Privately rented homes continue to fall short, with 14% failing to meet the Decent Homes Standard—more than the 8% of social housing that also fails. This stark disparity highlights how the government’s housing policies fail to protect the most vulnerable, with no proper measures in place to swiftly improve standards in the private rental sector. Despite promises to halve the number of non-decent rented homes by 2030, a staggering 21% of privately rented properties are still non-compliant nationally, and 12% pose serious health and safety hazards. This indicates a systemic failure to deliver safe, decent housing for ordinary families.

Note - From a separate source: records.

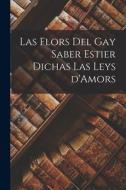 Las Flors Del Gay Saber Estier Dichas Las Leys d'Amors di Anonymous edito da LEGARE STREET PR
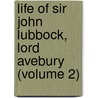 Life of Sir John Lubbock, Lord Avebury (Volume 2) door Hutchinson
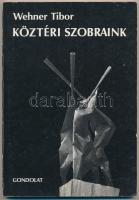 Wehner Tibor: Köztéri szobraink. Bp.,1986., Gondolat. Fekete-fehér fotókkal illusztrált. Kiadói papírkötés.
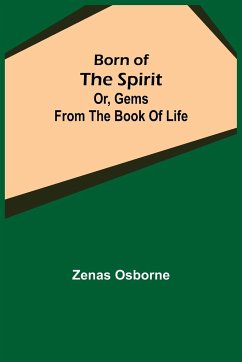 Born of the Spirit; or, Gems from the Book of Life - Osborne, Zenas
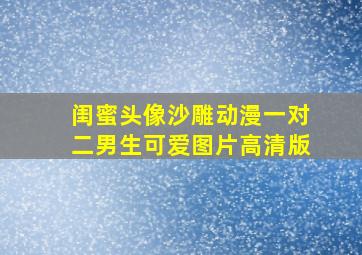 闺蜜头像沙雕动漫一对二男生可爱图片高清版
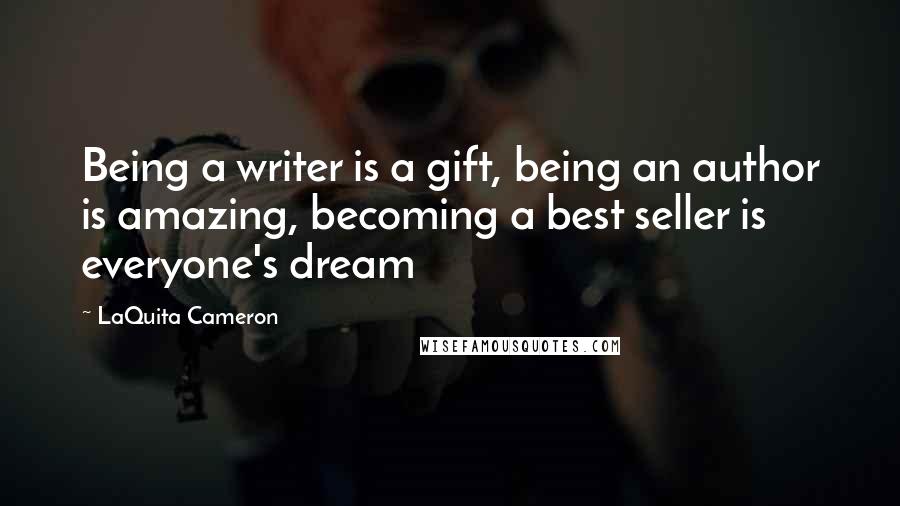 LaQuita Cameron Quotes: Being a writer is a gift, being an author is amazing, becoming a best seller is everyone's dream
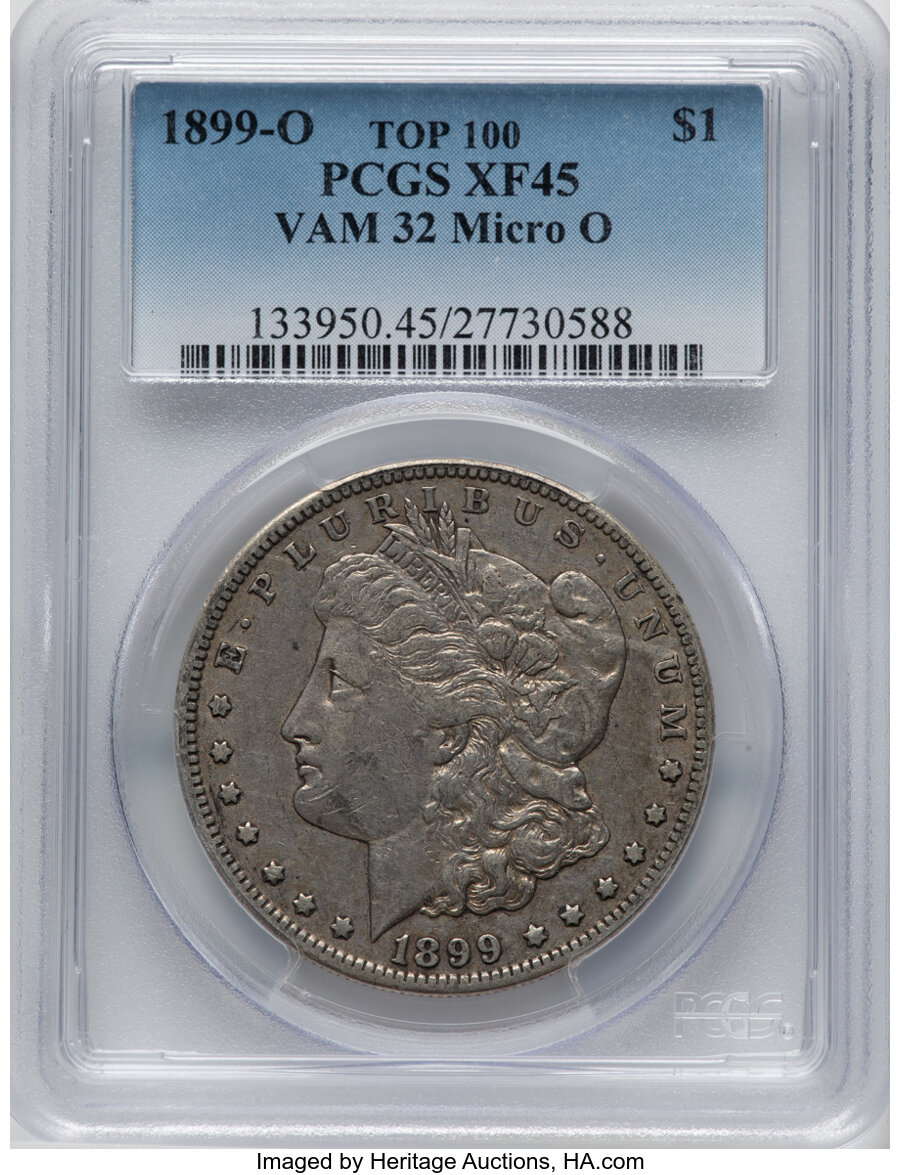 1899-O $1 Micro O, VAM-32, Top 100 XF45 PCGS. PCGS Population: (17/24). NGC Census: (7/10). CDN: $175 Whsle. Bid for NGC/PC...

London’s latest attempt at housing expansion—Mayor Sadiq Khan’s £3.5 billion affordable homes programme—sounds ambitious but falls far short in practice. With just 3,991 new homes started in 2024/25, it is a fraction of the 17,800 annual target. The plan to build only 40,000 council homes by 2030 is a drop in the ocean compared to the city’s actual needs. Meanwhile, the initiative to create 6,000 rent-controlled homes for key workers appears more gesture than substance, delaying meaningful change. The creation of new developer entities won’t solve the underlying issues and risks perpetuating a broken system that prioritizes political optics over deliverability.

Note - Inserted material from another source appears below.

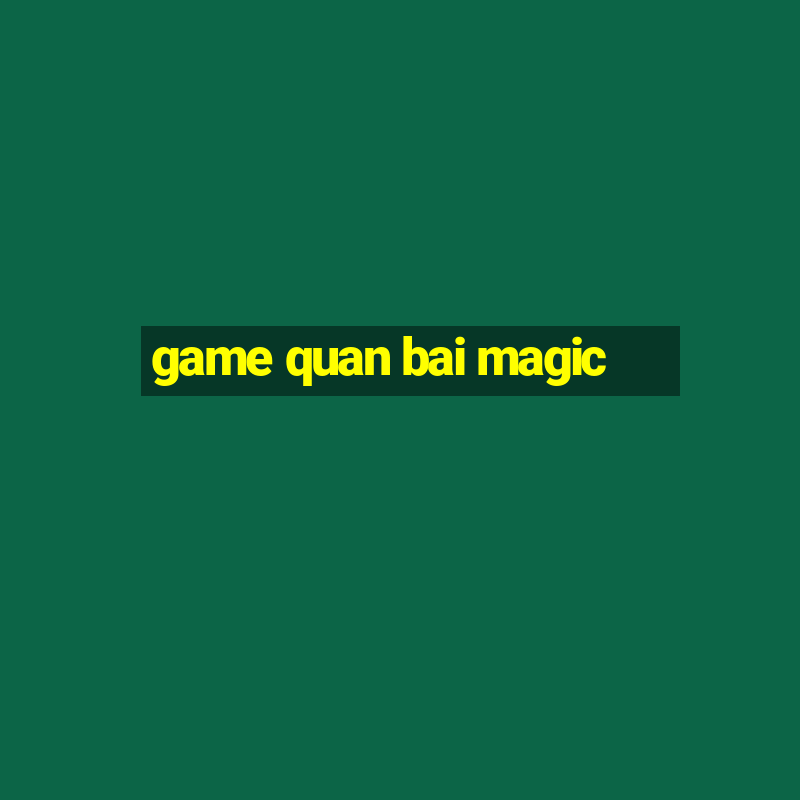 game quan bai magic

Energy efficiency remains another missed opportunity. An estimated 210,000 homes annually need upgrades to meet London’s net-zero goals, yet little real action has been taken to accelerate this vital work. This inaction means many residents are left in fuel poverty while the city drags its feet on meaningful environmental progress.

The financial burden of fixing unsafe buildings is colossal—up to £22.4 billion—yet the government’s response is half-hearted at best. Covering just £9.1 billion and relying on a property sector levy to reduce costs to £5.1 billion puts homeowners and taxpayers on the hook for failures that could have been prevented. And the fact that 60% of buildings over 11 meters have yet to be identified for remediation exposes the government’s lack of transparency and urgency. This is a crisis that cannot be addressed by empty promises and slow bureaucratic processes; real leadership is needed, not political distraction.

These failures reflect a broader pattern: a government more interested in spin than in delivering the safe, quality homes Londoners deserve. The chronic delays, underachievement in housing targets, and ongoing safety risks prove that current policies are insufficient. It’s time for a serious rethink—one that puts safety, affordability, and sustainability above political expediency. The status quo is not acceptable; Londoners deserve better.